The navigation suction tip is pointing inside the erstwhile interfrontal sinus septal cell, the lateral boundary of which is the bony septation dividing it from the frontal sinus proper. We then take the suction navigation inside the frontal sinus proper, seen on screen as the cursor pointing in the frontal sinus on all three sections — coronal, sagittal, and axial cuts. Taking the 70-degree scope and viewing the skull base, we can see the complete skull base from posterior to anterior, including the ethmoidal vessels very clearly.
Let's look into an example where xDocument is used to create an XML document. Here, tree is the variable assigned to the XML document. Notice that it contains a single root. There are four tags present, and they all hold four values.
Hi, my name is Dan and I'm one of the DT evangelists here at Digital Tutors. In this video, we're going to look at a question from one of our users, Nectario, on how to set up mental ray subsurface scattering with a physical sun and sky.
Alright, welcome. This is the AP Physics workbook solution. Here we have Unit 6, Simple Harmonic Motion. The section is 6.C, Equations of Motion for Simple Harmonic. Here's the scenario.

--

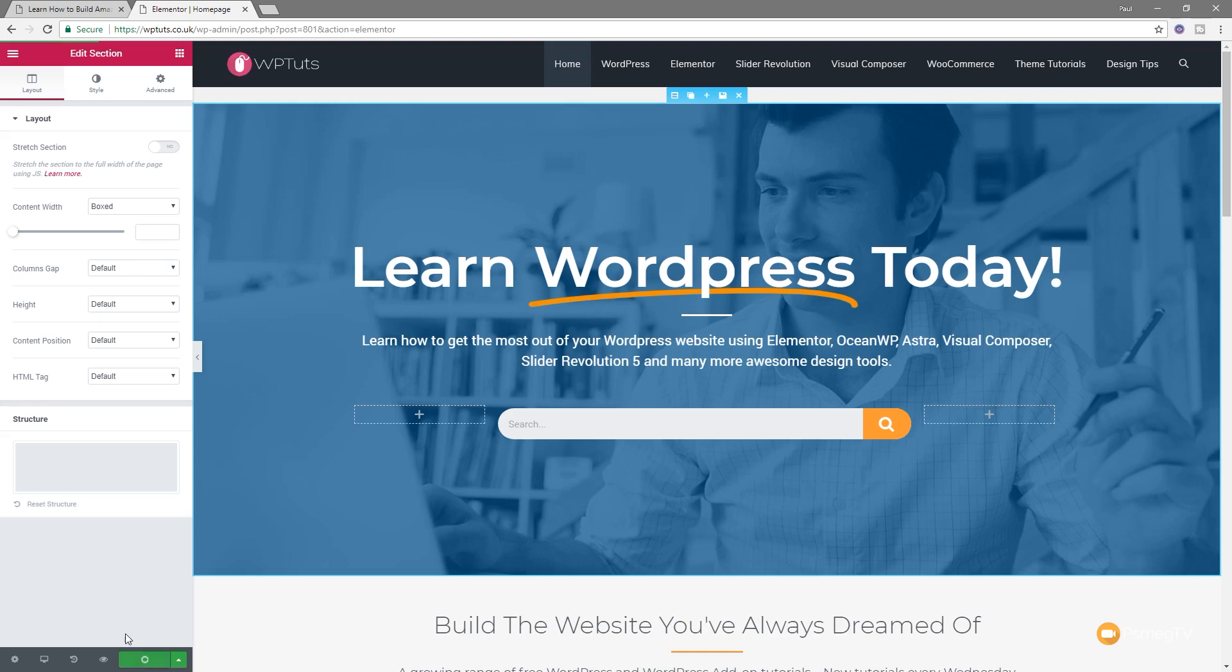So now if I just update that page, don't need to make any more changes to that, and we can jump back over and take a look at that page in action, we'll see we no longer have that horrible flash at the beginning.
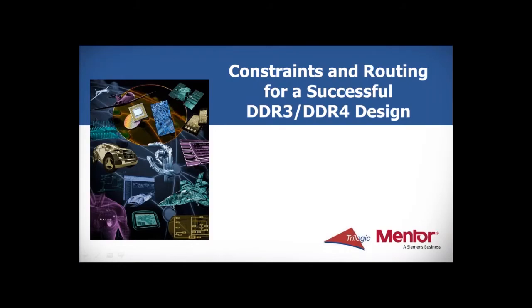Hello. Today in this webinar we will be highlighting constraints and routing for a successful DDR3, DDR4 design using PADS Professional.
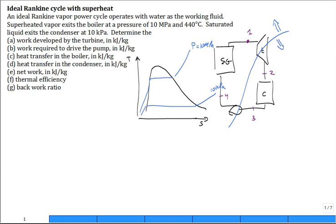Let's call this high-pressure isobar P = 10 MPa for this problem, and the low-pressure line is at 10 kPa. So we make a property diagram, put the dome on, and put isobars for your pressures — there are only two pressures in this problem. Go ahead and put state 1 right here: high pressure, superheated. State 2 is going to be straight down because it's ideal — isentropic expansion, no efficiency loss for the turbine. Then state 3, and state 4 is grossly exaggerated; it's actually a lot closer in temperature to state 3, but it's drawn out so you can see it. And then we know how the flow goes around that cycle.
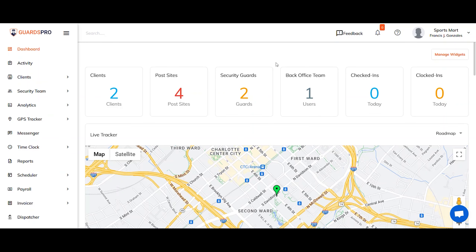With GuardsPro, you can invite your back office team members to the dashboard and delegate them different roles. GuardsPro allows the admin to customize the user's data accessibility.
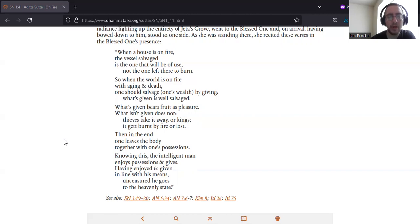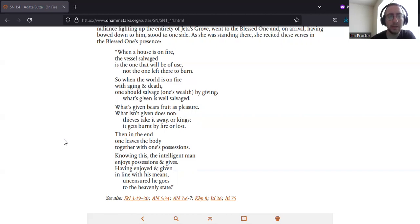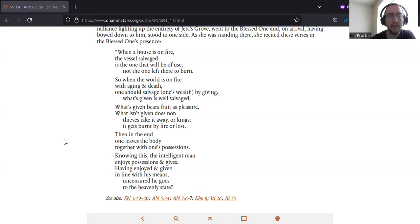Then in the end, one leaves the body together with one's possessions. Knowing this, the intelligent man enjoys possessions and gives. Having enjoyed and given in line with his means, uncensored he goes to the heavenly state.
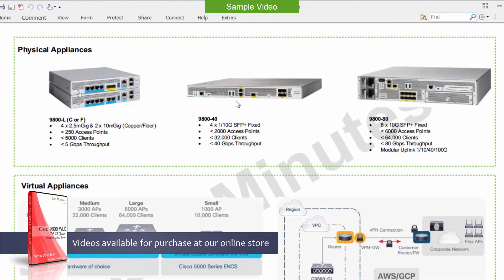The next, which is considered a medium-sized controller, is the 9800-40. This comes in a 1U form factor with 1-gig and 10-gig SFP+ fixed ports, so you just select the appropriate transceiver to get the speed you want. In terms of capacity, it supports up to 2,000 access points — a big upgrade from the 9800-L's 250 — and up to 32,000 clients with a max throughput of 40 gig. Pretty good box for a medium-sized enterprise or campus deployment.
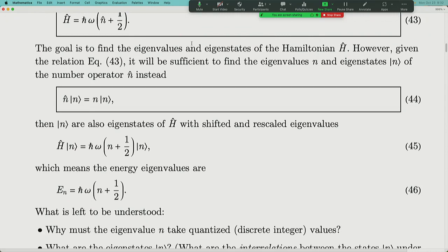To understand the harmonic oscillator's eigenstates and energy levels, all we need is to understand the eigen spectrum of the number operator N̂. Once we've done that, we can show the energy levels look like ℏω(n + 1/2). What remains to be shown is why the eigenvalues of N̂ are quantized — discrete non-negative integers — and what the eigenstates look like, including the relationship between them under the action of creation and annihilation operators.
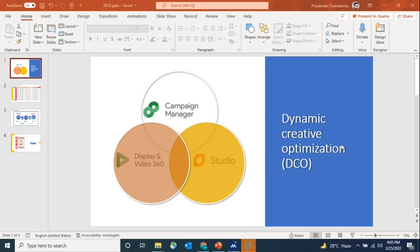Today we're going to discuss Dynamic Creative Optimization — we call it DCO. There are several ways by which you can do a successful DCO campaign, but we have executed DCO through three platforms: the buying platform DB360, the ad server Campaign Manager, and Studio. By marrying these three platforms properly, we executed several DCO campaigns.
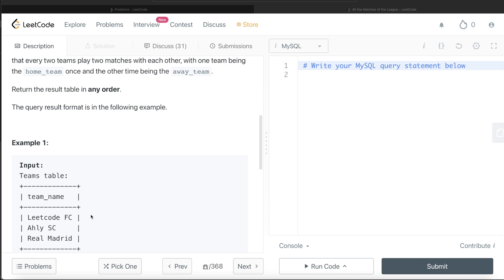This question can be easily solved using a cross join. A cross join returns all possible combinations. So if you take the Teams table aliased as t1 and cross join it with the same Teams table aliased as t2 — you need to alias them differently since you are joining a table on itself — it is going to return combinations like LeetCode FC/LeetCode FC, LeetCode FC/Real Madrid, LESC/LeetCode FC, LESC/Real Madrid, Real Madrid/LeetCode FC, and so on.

(Work instruction) Leaving each picture behind, please give again exactly the lines above from the one with "Today we're going" through the one with "This question can", both included, and no others.

(Written reply)
Today we're going to discuss Dynamic Creative Optimization — we call it DCO. There are several ways by which you can do a successful DCO campaign, but we have executed DCO through three platforms: the buying platform DB360, the ad server Campaign Manager, and Studio. By marrying these three platforms properly, we executed several DCO campaigns.
This question can be easily solved using a cross join. A cross join returns all possible combinations. So if you take the Teams table aliased as t1 and cross join it with the same Teams table aliased as t2 — you need to alias them differently since you are joining a table on itself — it is going to return combinations like LeetCode FC/LeetCode FC, LeetCode FC/Real Madrid, LESC/LeetCode FC, LESC/Real Madrid, Real Madrid/LeetCode FC, and so on.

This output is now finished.